However, in the 10 minutes that she watched TV at the dentist's office, she was exposed to about twelve words that we don't use in our home. They aren't horrible words, but words that we don't want our 7 year old and 3 year old saying.  

I want to be the one that filters my kids' world experience right now.  They are little and I want to protect them.

That being said, I do see the importance of my kids gaining their own filtration system.  What I mean by that is that I would like my kids to govern themselves when I'm not around. When there is something on TV or on the computer that is not appropriate, I want them to choose to turn it off.

We work on this skill right now even though we don't have a television.  We are honest about what is available on the Internet (I do let me kids play games online).  We have told them, even though they are young, that some people put inappropriate pictures, videos, and stories online.  We have also discussed with them that if they happen upon these things they close the computer, walk away and come talk to us (their parents).

2. Time: There are too many good things to do besides watch TV.

Television can be a huge time waster.  Believe me, I know.  I have been caught in the TV trap.  You sit down to watch TV just for a few minutes.  You just need a little break from reality so you can conquer the rest of your day.  Before you know it, the rest of your day has been conquered by the four reality TV shows you just finished watching.  Oh boy.

Especially now that I am a mom, and a home-school mom at that, there are too many things to do in the day to include television into my schedule. And there too many fun things for my kids to do and experience to have the TV going all day long.
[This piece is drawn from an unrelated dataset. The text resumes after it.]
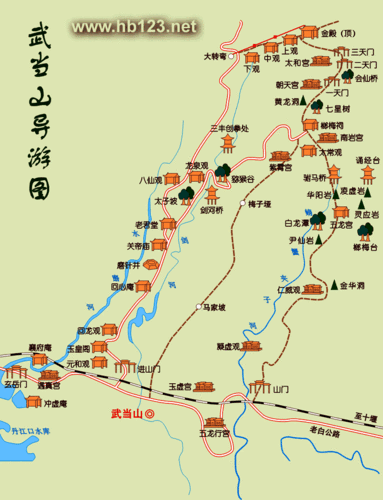 武当山地图位置，武当山地图最新高清版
Don't get me wrong, my husband and I will watch movies three or four times a month, but having some sort of show running half the day seems to fill life with unimportant things.

3.  Guilt: It's too much for me.

I won't lie, part of this no-TV thing is kind of selfish.  I feel so much guilt when my kids waste the day away watching TV or playing games on the computer.  If TV is not even an option on our home, then I don't have to feel an internal struggle wondering if my kids are rotting their brains out watching the adventures of a yellow sponge in short shorts.

So there you have it.  I'm not sure how long we'll go without a television, but we have lived without one for the last three years and have not missed it.